Grangemouth expansion and new licensing for BP
15 Jan 2000
The first phase of a project to lift BP Chemicals' Grangemouth plant into the first division of olefin complexes has begun with a £35million expansion of one of the complex's ethylene crackers. The project is intended to ready Grangemouth for new petrochemical feedstocks to be piped in from the North Sea.
The project, slated to take 17 months, involves building two new furnaces and a C3 hydrogenation unit on the complex's G4 cracker. This will lift the cracker's capacity by 19 per cent, to 320 000t/a.
BP Chemicals plans to pump £500million into Grangemouth, so that it can process the ethane, propane and butane that will be pumped into the site by the new Forties Pipeline System from the turn of the century (see PE December, p5). Later phases of the expansion project include further work on the crackers to increase their total capacity from 700 000t/a to over a million tonnes per year; a polyethylene plant, and a `world-scale' polypropylene plant in partnership with Elf Atochem.
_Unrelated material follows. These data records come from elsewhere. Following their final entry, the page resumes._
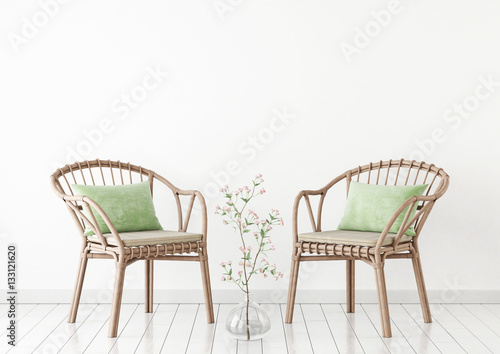 Vertical interior mock up with empty wooden frame and blooming twig on wooden wall background. 3D rendering.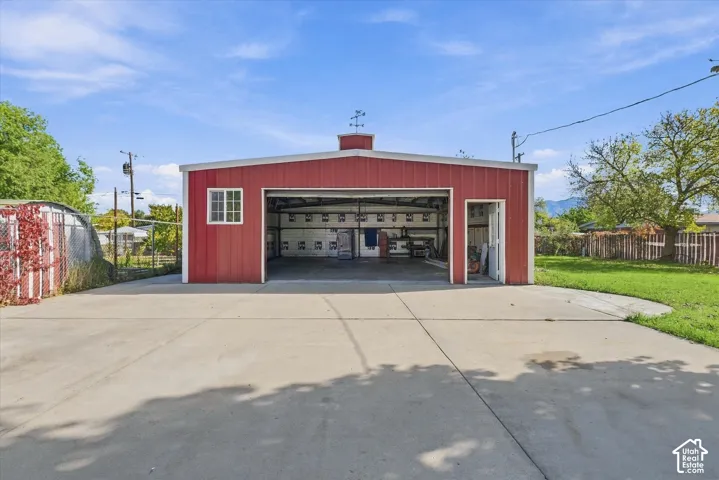 Detached workshop featuring a metal exterior, concrete apron, and a weathervane-topped cupola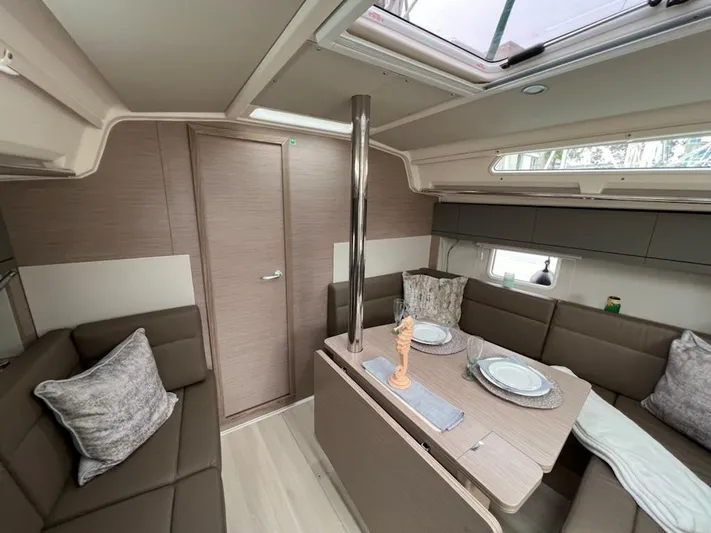 Mdr 388 #305 In Stock Yacht Photos Pics Interior of 2023 Hanse 388 sailboat with modern dining area and skylight.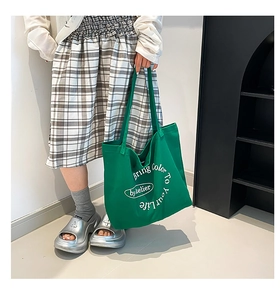 Detail of green canvas tote bag featuring white Bring Color To Your Life printed text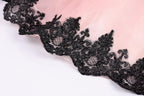 A close-up view of a delicate lace trim on a fabric, with a pink background.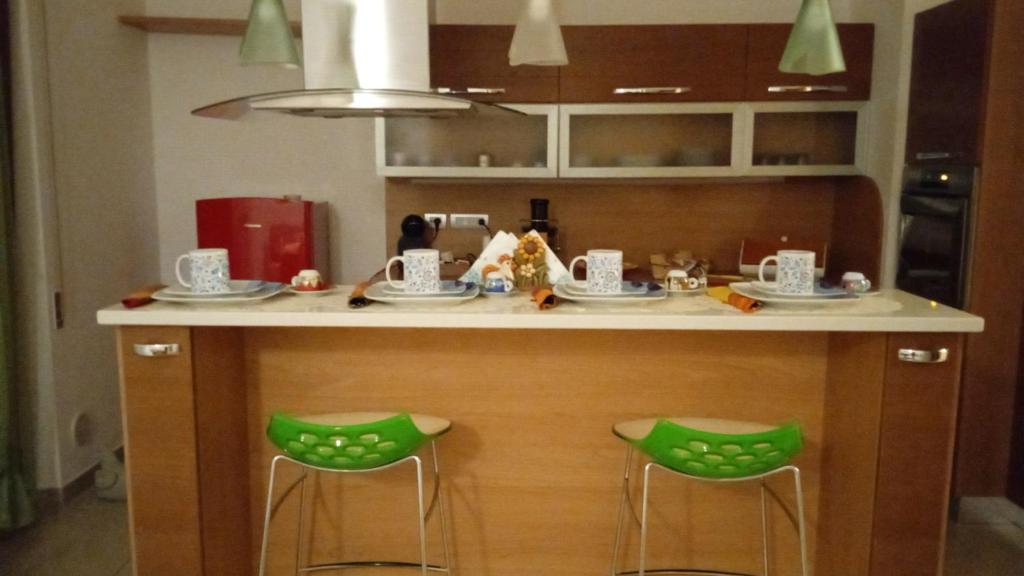 马泰拉Sweet holidays的一个带两个绿色凳子的厨房岛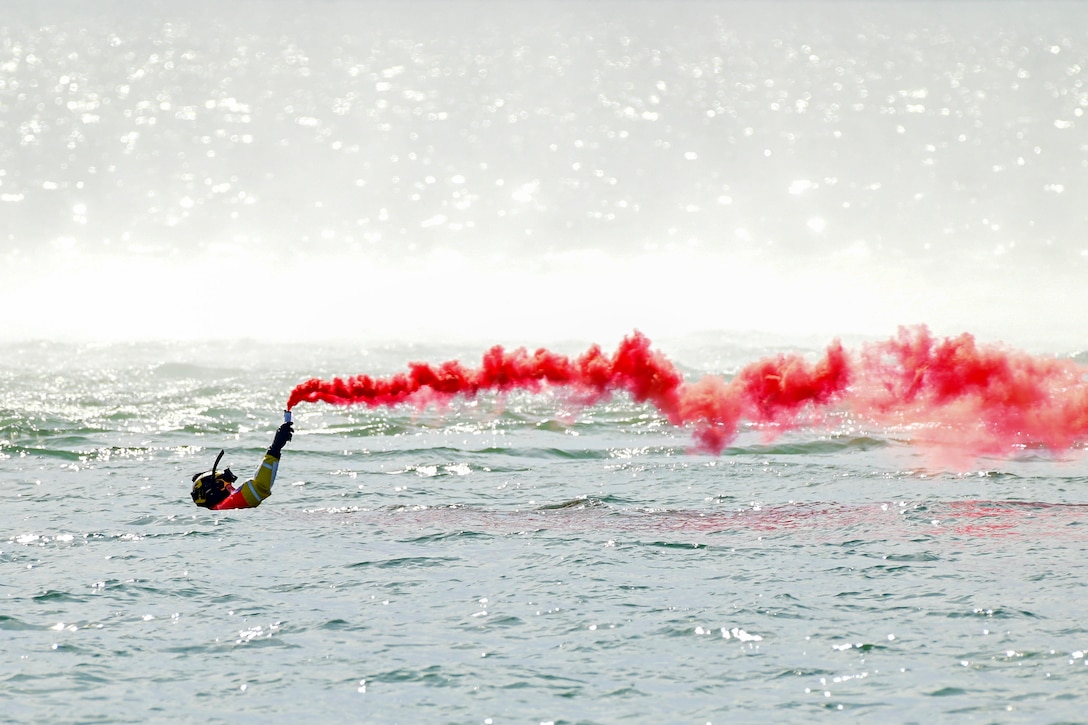 A Coast Guardsman floating in the water uses a red signal flare.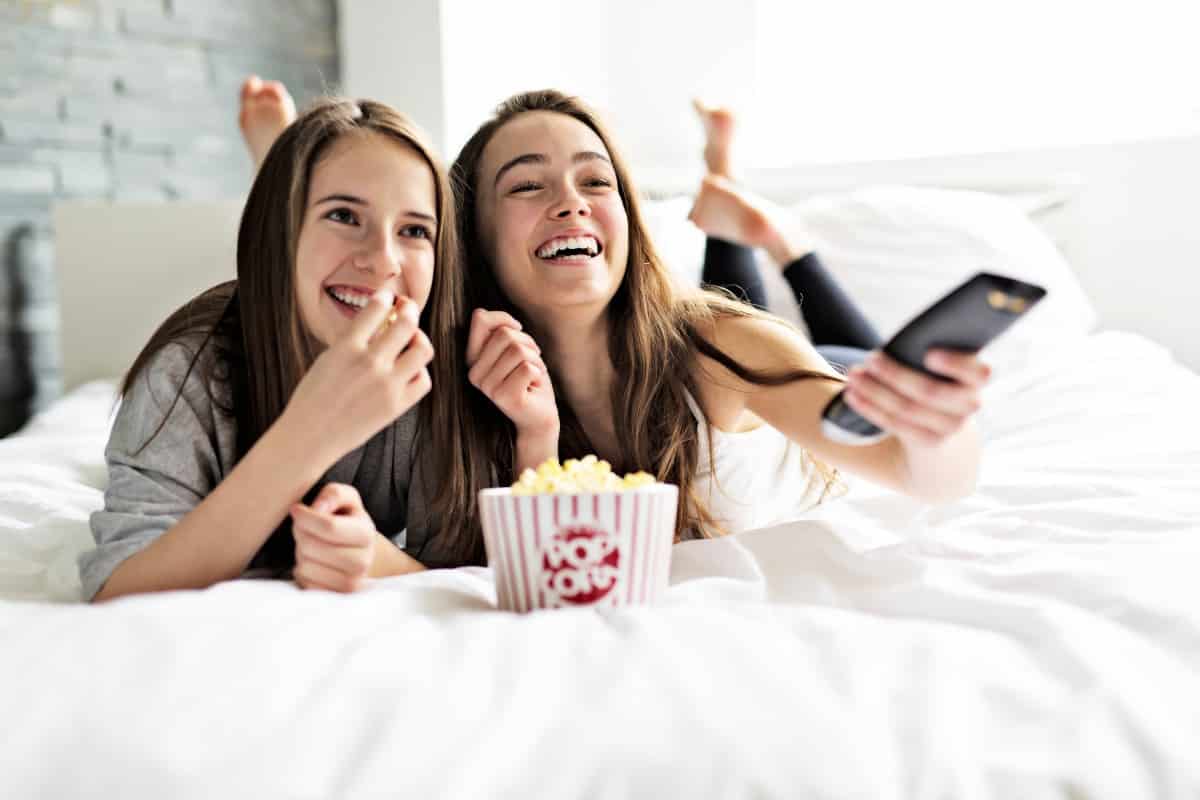 Dos chicas tumbadas sobre la cama mientras comen palomitas y ven la tv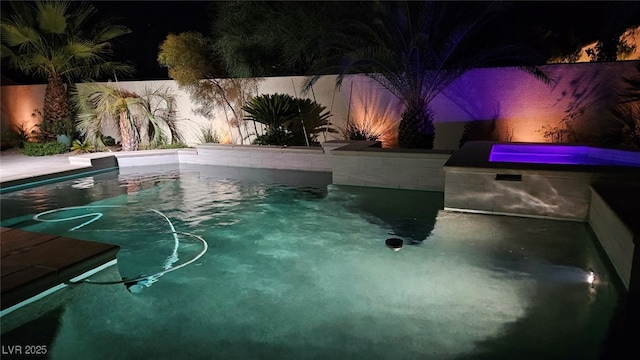 5681 Exotic Rosette Ave, Las Vegas, NV 89139 - view of pool at night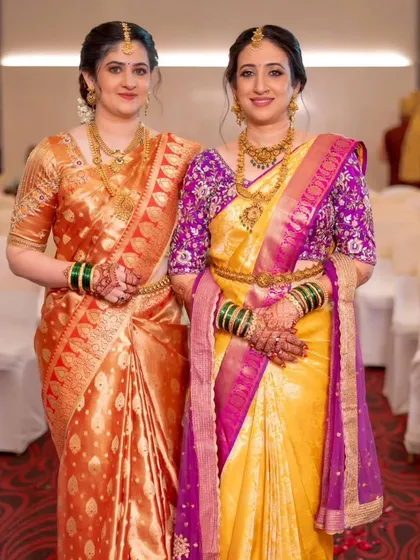 A beautiful moment between the bride and her sister, both draped in gorgeous South Indian silk sarees. I ensured their drapes were coordinated yet unique to their individual styles.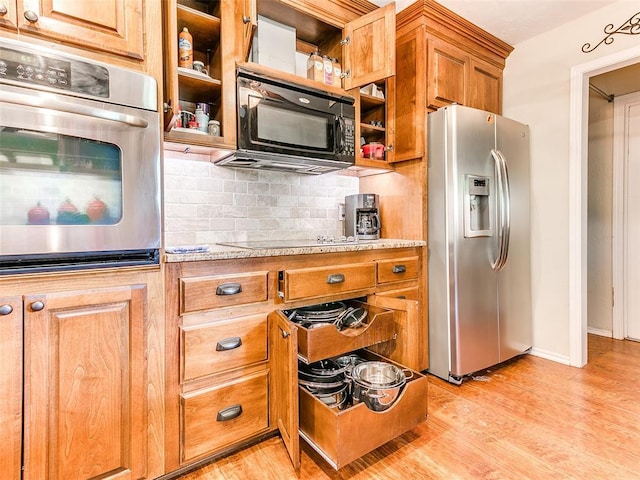 2349 Fox Ln, Blanchard, OK 73010 - kitchen with appliances with stainless steel finishes, light wood finished floors, brown cabinets, decorative backsplash, and light stone countertops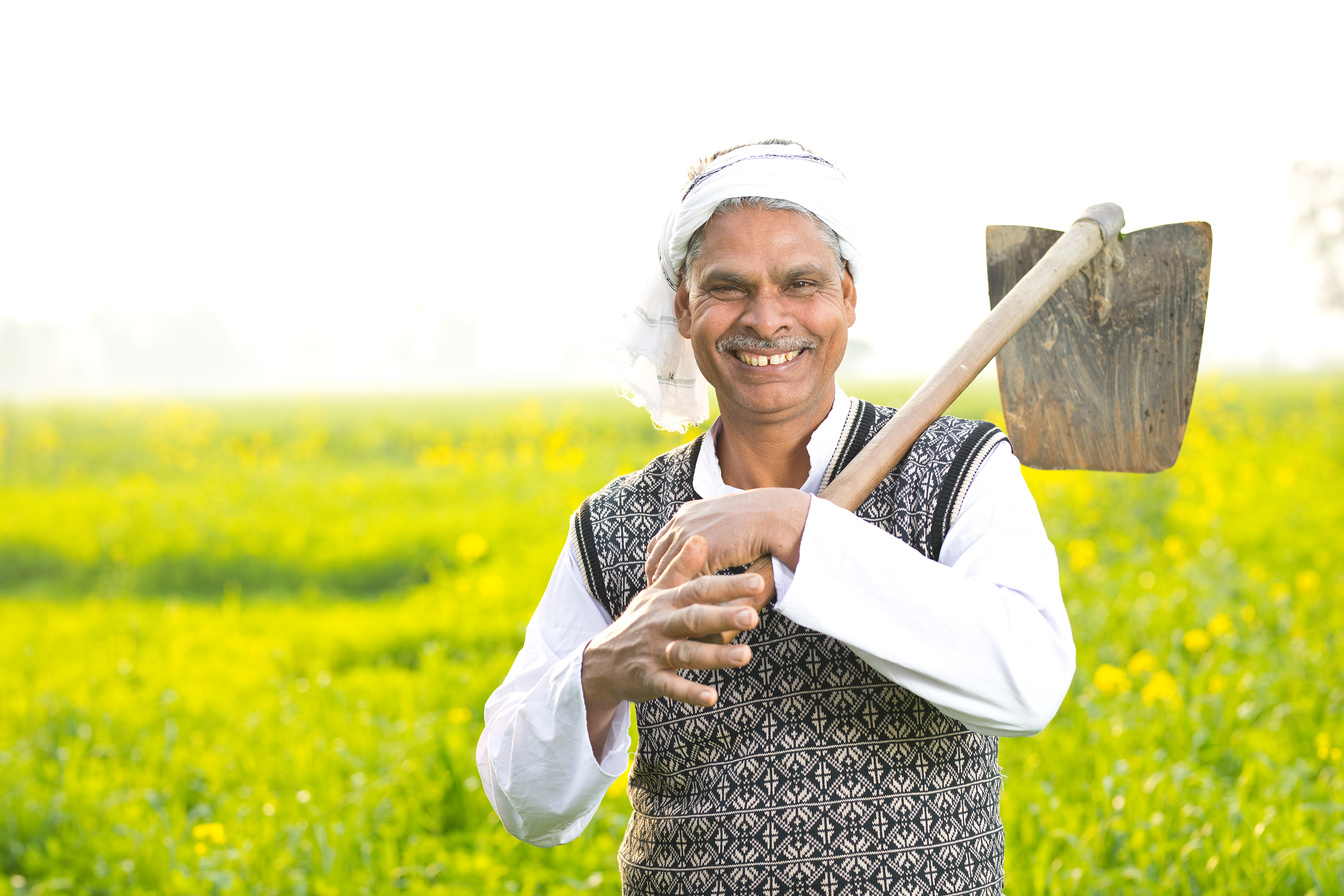 Indian farmer holding hoe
* BP Chemicals is to add its polystyrene and expandable polystyrene manufacturing technologies to its licensing portfolio, in partnership with Norwegian contractor ABB Lummus Global. The technology involves two processes - the solvent-free continuous mass process, which makes high-impact and general purpose PS, and a high-productivity suspension reaction to make the expanded grades. Lummus will market and license the technology, providing basic engineering packages and offering engineering, procurement and construction services, while BP will provide technology support during plant design and construction.